Electronic – Anti-Aliasing filter design

aliasingfilterpicsampling

I appreciate that different applications have different criteria, but could someone give a ball park figure of how much attenuation is needed for an anti aliasing filter at the Nyquist frequency to prevent aliasing?

For example I'm building a filter for the input of my PIC which samples at 10KHz and therefore the Nyquist frequency is 5KHz. I'm only interested at parts of the signal below 3KHz, so I have some leeway in my design as to whether I choose a second order/third order low pass filter, but I don't know which to design because I don't know how much attenuation at 5KHz would be sufficient?

Best Answer

If you are interested only in signals in the range DC to 3kHz, then only signals above 7kHz will alias onto those.

This means that you need a filter with ...

a passband to 3kHz
a transition band from 3kHz to 7kHz
a stopband from 7kHz upwards

Note this doesn't define the 5kHz attenuation, and doesn't need to.

The stopband must have enough attenuation to protect your signals. If you want 0.1% fidelity for your lowpass signals, you need 60dB attenuation in your stopband. You will usually find it more practical to design an elliptic filter than a classical Butterworth or Cheby to get adequate stopband attenuation.

Now comes some subtlety, follow me carefully.

What does 'if you are only interested in signals in the DC to 3kHz' really mean?

If you are bandpass analysing signals up to 3kHz, for instance estimating the power in the bandwidth 2.5kHz to 2.7kHz, using a good digital filter to isolate the band, or an FFT which is equivalent, then having a transition band from 3kHz to 7kHz is just fine.

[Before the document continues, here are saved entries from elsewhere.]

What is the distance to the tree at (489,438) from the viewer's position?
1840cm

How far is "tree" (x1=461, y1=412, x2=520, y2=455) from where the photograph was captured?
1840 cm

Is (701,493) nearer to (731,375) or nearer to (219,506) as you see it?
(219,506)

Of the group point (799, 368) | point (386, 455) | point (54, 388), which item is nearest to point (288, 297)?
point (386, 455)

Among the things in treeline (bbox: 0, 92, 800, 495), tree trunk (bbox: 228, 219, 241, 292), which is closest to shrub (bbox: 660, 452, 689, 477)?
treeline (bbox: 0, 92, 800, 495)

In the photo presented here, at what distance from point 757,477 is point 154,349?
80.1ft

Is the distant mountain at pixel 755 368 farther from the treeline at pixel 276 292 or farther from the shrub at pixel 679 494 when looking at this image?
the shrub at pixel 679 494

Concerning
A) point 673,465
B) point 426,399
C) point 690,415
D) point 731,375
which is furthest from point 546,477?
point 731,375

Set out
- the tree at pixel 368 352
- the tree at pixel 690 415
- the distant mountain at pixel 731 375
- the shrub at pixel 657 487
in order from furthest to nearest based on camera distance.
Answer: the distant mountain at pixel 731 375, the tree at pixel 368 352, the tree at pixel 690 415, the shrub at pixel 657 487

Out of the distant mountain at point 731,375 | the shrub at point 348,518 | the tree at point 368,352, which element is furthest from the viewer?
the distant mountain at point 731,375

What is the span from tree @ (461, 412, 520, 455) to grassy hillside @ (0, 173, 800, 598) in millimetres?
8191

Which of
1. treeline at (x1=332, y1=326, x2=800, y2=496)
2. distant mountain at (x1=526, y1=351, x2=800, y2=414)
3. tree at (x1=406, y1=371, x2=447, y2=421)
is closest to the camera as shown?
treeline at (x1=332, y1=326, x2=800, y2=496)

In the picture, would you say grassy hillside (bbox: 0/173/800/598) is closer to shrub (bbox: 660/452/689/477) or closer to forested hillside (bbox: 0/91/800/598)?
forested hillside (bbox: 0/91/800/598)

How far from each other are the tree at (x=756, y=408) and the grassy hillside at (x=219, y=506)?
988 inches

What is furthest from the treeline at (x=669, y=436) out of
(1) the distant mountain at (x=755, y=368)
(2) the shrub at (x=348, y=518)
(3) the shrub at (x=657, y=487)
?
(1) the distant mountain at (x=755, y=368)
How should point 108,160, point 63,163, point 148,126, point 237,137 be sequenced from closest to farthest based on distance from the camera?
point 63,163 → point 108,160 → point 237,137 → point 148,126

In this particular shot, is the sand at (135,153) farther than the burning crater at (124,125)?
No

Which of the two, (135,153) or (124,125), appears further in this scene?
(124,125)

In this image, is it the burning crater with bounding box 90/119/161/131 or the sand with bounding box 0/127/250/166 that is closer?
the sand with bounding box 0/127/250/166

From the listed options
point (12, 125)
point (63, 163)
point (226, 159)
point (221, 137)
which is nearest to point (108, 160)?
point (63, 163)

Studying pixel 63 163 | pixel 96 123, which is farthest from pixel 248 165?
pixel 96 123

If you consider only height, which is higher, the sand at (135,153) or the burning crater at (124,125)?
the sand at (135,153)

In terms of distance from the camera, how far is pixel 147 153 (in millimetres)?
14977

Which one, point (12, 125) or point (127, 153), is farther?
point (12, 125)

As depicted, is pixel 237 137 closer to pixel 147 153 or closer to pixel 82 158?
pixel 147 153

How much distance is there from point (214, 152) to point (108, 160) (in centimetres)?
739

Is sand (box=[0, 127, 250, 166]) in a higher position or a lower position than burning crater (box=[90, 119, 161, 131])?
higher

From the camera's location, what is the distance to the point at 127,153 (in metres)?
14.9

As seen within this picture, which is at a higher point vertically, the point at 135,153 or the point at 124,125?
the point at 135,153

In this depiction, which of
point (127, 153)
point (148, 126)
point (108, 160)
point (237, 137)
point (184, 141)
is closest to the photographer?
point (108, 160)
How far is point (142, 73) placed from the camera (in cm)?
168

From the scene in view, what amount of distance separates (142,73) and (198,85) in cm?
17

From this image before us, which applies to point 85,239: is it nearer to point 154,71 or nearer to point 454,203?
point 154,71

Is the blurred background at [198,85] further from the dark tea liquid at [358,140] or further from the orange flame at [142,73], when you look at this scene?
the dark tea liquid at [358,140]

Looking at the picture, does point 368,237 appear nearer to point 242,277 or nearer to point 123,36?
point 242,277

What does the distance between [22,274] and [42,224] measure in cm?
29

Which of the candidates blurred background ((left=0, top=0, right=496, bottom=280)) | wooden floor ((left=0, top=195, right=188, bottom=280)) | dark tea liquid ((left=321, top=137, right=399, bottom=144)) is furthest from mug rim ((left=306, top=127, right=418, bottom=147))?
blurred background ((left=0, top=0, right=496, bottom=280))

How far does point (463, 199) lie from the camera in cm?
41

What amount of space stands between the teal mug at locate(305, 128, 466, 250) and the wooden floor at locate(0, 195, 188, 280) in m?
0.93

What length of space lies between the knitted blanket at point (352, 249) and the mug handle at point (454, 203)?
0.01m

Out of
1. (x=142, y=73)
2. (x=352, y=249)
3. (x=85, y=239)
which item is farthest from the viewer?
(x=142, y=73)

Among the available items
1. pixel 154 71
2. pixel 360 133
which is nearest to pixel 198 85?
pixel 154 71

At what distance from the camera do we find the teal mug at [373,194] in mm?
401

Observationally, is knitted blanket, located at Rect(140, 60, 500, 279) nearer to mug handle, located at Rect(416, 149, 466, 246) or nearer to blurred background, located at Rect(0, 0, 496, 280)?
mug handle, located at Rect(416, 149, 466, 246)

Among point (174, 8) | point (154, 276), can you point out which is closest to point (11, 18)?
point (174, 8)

Although it allows signals in the 5k to 7k band to alias down to below 5kHz, they are still above 3kHz, and you're going to ignore/reject those signals anyway.

If however you are plotting the samples on a scope trace, then you may have inadvertent energy above 3kHz that is still valid. For instance if you have a 1.1kHz square wave, you will have harmonics at 3.3kHz, 5.5kHz, 7.7kHz.

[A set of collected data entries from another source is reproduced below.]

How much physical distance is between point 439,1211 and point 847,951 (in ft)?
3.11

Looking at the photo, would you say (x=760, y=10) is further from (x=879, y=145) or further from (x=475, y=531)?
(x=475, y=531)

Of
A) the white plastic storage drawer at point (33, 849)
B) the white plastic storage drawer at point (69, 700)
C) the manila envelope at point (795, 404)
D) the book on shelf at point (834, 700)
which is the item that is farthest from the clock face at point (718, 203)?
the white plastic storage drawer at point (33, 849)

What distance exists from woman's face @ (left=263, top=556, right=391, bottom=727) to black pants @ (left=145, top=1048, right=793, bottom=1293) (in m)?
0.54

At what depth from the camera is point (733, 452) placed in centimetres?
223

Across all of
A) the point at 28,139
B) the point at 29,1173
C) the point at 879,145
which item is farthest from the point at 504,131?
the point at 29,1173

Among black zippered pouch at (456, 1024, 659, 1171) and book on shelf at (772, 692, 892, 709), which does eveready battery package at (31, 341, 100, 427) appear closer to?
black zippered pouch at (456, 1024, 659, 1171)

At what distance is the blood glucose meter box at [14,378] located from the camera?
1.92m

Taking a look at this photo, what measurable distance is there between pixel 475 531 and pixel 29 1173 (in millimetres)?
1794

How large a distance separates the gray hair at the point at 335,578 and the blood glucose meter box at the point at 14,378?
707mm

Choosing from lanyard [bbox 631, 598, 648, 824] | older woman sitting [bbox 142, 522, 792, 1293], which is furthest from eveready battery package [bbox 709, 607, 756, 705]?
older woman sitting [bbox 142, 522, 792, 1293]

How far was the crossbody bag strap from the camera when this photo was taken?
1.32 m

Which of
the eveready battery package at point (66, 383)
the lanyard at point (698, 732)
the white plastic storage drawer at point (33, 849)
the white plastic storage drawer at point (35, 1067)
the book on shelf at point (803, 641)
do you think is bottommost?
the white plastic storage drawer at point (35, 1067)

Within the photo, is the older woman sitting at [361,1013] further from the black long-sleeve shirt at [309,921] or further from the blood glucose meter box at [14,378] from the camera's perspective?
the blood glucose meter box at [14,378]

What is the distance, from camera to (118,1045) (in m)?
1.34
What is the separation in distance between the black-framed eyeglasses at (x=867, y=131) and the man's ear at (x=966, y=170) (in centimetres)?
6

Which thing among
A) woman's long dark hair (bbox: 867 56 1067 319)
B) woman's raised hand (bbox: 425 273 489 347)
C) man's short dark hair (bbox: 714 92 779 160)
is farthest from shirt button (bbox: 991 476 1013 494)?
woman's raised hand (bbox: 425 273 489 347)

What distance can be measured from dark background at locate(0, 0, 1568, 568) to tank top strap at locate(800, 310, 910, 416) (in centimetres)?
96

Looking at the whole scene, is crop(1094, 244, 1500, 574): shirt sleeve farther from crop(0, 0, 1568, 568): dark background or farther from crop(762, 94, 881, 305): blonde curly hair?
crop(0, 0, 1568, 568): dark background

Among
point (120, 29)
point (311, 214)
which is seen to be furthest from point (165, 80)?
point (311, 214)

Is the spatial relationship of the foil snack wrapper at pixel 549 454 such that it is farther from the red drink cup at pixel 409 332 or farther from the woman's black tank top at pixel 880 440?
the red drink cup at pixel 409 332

Now, the crucial point is that the 3.3kHz harmonic will be coherent with the fundamental, and if you plot it, it will look OK, even if its amplitude has been suppressed a little by the filter. However, the 5.5kHz harmonic will be aliased to 4.5kHz, and will be incoherent with the fundamental because its frequency has been reflected through Nyquist, and will breathe in and out as its phase changes, and will generally look wrong.

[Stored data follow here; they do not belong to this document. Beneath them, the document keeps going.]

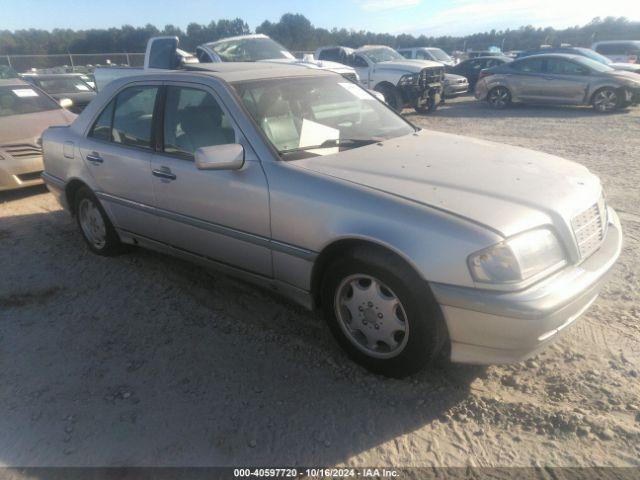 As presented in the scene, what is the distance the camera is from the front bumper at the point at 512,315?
2145 millimetres

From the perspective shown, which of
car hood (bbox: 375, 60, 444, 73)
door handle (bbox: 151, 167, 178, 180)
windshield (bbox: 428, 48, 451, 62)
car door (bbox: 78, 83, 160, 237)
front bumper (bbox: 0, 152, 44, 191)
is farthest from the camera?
windshield (bbox: 428, 48, 451, 62)

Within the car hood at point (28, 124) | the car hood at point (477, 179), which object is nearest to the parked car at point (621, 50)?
the car hood at point (477, 179)

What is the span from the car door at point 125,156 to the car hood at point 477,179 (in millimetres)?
1452

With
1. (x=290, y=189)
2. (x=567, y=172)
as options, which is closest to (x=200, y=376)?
(x=290, y=189)

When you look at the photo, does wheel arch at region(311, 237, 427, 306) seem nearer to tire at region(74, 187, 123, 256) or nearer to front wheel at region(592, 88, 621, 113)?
tire at region(74, 187, 123, 256)

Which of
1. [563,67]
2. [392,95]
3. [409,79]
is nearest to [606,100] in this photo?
[563,67]

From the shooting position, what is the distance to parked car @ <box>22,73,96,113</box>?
11.9 m

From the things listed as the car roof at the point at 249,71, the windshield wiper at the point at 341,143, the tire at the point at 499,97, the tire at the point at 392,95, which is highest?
the car roof at the point at 249,71

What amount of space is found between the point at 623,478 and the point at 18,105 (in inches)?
336

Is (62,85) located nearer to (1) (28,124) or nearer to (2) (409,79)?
(1) (28,124)

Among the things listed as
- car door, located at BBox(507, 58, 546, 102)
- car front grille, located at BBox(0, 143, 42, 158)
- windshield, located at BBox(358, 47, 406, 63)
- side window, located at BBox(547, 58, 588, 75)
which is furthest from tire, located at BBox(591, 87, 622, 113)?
car front grille, located at BBox(0, 143, 42, 158)

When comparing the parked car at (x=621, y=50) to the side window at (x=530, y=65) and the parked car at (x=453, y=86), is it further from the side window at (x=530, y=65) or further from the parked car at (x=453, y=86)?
the side window at (x=530, y=65)

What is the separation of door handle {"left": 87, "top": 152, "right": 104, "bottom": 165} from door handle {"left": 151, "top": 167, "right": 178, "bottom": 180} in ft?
2.67

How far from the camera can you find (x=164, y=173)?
3418 millimetres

What this means is, if you are going to end up making use of energy in the 3kHz to 5kHz band anyway (even though you've said in the OP that you're not), then your transition band should only go to 5kHz, not 7kHz, so that no aliasing at all is permitted into the DC to 5kHz band.

Whether your filter has a stopband from 7kHz, or from 5kHz, depends crucially on what you intend to do with your signals. Needless to say, it's much harder to make a filter with a 3k-5k transition band, than a 3k-7k transition band.